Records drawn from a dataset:

^^^^^^^^

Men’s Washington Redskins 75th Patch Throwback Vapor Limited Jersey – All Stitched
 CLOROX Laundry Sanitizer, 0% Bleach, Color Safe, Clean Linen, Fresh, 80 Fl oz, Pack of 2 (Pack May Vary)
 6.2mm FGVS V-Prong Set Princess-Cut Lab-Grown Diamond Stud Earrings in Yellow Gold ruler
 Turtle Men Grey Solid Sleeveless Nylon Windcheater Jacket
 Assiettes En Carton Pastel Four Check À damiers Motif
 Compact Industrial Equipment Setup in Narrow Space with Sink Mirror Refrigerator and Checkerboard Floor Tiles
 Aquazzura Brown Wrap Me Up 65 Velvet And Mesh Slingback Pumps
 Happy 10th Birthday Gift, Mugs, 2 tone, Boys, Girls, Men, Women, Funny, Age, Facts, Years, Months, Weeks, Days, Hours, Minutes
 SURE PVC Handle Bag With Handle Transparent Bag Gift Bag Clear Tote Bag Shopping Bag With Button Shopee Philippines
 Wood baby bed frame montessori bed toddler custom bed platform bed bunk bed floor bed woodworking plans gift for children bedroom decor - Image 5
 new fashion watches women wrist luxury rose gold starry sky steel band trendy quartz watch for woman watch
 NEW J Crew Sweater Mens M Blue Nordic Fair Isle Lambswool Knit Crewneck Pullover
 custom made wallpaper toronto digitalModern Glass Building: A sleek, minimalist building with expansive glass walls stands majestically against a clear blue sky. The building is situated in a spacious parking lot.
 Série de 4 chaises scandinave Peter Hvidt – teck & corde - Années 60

^^^^^^^^

**TASK TO COMPLETE**: One stretch of the lines above is wanted, from the line that contains "Wood baby bed" through the line that contains "new fashion watches". Output it exactly.

**RESPONSE FOR THIS EXERCISE**:
 Wood baby bed frame montessori bed toddler custom bed platform bed bunk bed floor bed woodworking plans gift for children bedroom decor - Image 5
 new fashion watches women wrist luxury rose gold starry sky steel band trendy quartz watch for woman watch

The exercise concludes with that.